Cette nouvelle forme de temps partiel permettrait notamment de pouvoir effectuer des heures supplémentaires certaines semaines tout en ayant le statut de travailleur à temps partiel. La réduction de la durée du travail pourrait être contractualisée sur l’année ou sur une durée de trois années sans que cette réduction du temps de travail ne soit forcément organisée en périodes d’au moins une semaine comme c’est le cas pour le temps partiel familial.

Proposition : déplafonner le CPF pour les actifs de 50 ans et plus à hauteur d’un abondement effectué notamment par l’employeur.

Les seniors ont moins recours à la formation continue que les travailleurs plus jeunes. En effet, selon la Dares, en 2021, 50 % des salariés de plus de de 50 ans ont participé à une formation pour raisons professionnelles contre 62 % des moins de 50 ans. À titre de comparaison, en Suède ce sont plus de 60 % des 55 ans et plus qui ont suivi une formation continue en 2020. Il est proposé, particulièrement pour encourager les reconversions professionnelles dont le coût de formation peut être important, d’envisager un déplafonnement du CPF pour les 55 ans et plus.

Aujourd’hui, le CPF permet à son bénéficiaire de disposer chaque année de 500€ supplémentaires dans les droits à formation qu’il peut utiliser dans la limite d’un plafond de 5 000€ (800€ par an dans la limite de 8 000€ pour les actifs les moins qualifiés).

Ce déplafonnement pourrait être envisagé de deux façons :

  • Dans le premier cas, le déplafonnement serait ouvert à concurrence maximale du montant annuel d’acquisition de droits, soit 500€ (ou 800€ pour les moins qualifiés) et d’un abondement qui serait effectué par l’entreprise ou Pôle emploi afin de faire effet de levier. Ce déplafonnement pourrait être en partie financé par l’utilisation des avoirs sur CPF non utilisés par des salariés, constatés au moment de la liquidation de leurs droits à retraite, qui seraient collectés dans un fonds dédié. 
  • Une autre filière de déplafonnement pourrait être la possibilité de mobiliser ces financements spécifiques sur la base d’un projet avec un abondement significatif de l’entreprise. La démarche serait alors contractualisée.

Afin de garantir la soutenabilité financière des mécanismes, cette proposition doit s’accompagner d’un recentrage du CPF sur des formations qualifiantes, correspondant à un projet professionnel précis avec des débouchés professionnels clairement identifiés, comme nous l’avions proposé précédemment dans notre note Reconversion professionnelle : pour le meilleur et pour l'avenir.

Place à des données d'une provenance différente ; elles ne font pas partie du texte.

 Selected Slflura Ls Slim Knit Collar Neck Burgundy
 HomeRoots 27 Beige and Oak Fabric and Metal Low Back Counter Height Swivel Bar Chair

Proposition : instaurer rapidement un index d’emploi des seniors sur le modèle de l’index égalité homme-femme.

L’instauration d’un index en matière d’égalité entre les femmes et les hommes au sein de l’entreprise a permis de réaliser des progrès certains. Il est donc proposé d’instaurer un index d’emploi des seniors, comme le préconisent l'association nationale des directeurs de ressources humaines (ANDRH) ou le rapport parlementaire des députés Didier Martin et Stéphane Viry. Si les problématiques de l’emploi des seniors et de l’égalité entre les hommes et les femmes ne sauraient être assimilables, la méthode de l’index, fondée sur un suivi d’indicateurs et sur des objectifs de progression, pourrait être transposée en prenant en compte les différences.

S’appliquant aux entreprises d’au moins 50 salariés et composé d’indicateurs établis au plan national après concertation, la mise en œuvre d’un index senior viserait à suivre l’évolution de l’emploi des seniors et à prendre en considération le degré d’arbitrage de l’entreprise dans ses recrutements. Cet index induirait pour l’entreprise la publication annuelle d’un score qui ferait l’objet d’une publicité. En fonction de son score, l’entreprise pourra ensuite être invitée à prendre des mesures de correction pour chacun des indicateurs où elle atteindra un résultat inférieur à la cible.